- **Data entries**
*-*-*
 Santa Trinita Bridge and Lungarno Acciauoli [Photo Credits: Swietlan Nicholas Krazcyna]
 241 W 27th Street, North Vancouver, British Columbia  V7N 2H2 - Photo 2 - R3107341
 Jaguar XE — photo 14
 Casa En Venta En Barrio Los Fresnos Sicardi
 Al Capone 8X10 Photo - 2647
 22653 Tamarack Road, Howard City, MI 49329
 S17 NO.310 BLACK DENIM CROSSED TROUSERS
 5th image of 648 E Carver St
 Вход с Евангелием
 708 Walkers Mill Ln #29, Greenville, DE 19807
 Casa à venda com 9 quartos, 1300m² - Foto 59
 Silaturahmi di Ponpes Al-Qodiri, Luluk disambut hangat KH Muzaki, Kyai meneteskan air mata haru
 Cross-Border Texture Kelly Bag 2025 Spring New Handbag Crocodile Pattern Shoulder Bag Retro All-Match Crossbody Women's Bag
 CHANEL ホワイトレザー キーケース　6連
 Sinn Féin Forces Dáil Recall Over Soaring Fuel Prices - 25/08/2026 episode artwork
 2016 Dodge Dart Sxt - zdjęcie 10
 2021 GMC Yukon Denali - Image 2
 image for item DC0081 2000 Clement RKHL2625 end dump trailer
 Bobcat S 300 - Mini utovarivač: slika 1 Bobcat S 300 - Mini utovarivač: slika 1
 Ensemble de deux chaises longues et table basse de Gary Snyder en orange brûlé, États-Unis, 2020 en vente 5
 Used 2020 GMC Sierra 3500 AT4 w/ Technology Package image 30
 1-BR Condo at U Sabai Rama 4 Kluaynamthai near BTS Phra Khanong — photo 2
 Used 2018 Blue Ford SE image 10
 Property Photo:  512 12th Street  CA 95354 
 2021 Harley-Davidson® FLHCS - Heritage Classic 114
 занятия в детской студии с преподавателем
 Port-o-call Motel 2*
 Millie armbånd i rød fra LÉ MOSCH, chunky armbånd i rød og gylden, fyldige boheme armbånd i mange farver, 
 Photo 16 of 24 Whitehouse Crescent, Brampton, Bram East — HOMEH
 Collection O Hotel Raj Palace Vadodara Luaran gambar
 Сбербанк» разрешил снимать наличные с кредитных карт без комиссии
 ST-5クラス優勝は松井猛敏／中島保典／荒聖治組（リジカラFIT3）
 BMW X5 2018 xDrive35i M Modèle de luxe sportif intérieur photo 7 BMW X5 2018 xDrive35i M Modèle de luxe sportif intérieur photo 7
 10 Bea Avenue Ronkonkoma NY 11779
*-*-*
- **What this task involves**
Retype the records above without changing a single word.

- **Solution to this task**
 Santa Trinita Bridge and Lungarno Acciauoli [Photo Credits: Swietlan Nicholas Krazcyna]
 241 W 27th Street, North Vancouver, British Columbia  V7N 2H2 - Photo 2 - R3107341
 Jaguar XE — photo 14
 Casa En Venta En Barrio Los Fresnos Sicardi
 Al Capone 8X10 Photo - 2647
 22653 Tamarack Road, Howard City, MI 49329
 S17 NO.310 BLACK DENIM CROSSED TROUSERS
 5th image of 648 E Carver St
 Вход с Евангелием
 708 Walkers Mill Ln #29, Greenville, DE 19807
 Casa à venda com 9 quartos, 1300m² - Foto 59
 Silaturahmi di Ponpes Al-Qodiri, Luluk disambut hangat KH Muzaki, Kyai meneteskan air mata haru
 Cross-Border Texture Kelly Bag 2025 Spring New Handbag Crocodile Pattern Shoulder Bag Retro All-Match Crossbody Women's Bag
 CHANEL ホワイトレザー キーケース　6連
 Sinn Féin Forces Dáil Recall Over Soaring Fuel Prices - 25/08/2026 episode artwork
 2016 Dodge Dart Sxt - zdjęcie 10
 2021 GMC Yukon Denali - Image 2
 image for item DC0081 2000 Clement RKHL2625 end dump trailer
 Bobcat S 300 - Mini utovarivač: slika 1 Bobcat S 300 - Mini utovarivač: slika 1
 Ensemble de deux chaises longues et table basse de Gary Snyder en orange brûlé, États-Unis, 2020 en vente 5
 Used 2020 GMC Sierra 3500 AT4 w/ Technology Package image 30
 1-BR Condo at U Sabai Rama 4 Kluaynamthai near BTS Phra Khanong — photo 2
 Used 2018 Blue Ford SE image 10
 Property Photo:  512 12th Street  CA 95354 
 2021 Harley-Davidson® FLHCS - Heritage Classic 114
 занятия в детской студии с преподавателем
 Port-o-call Motel 2*
 Millie armbånd i rød fra LÉ MOSCH, chunky armbånd i rød og gylden, fyldige boheme armbånd i mange farver, 
 Photo 16 of 24 Whitehouse Crescent, Brampton, Bram East — HOMEH
 Collection O Hotel Raj Palace Vadodara Luaran gambar
 Сбербанк» разрешил снимать наличные с кредитных карт без комиссии
 ST-5クラス優勝は松井猛敏／中島保典／荒聖治組（リジカラFIT3）
 BMW X5 2018 xDrive35i M Modèle de luxe sportif intérieur photo 7 BMW X5 2018 xDrive35i M Modèle de luxe sportif intérieur photo 7
 10 Bea Avenue Ronkonkoma NY 11779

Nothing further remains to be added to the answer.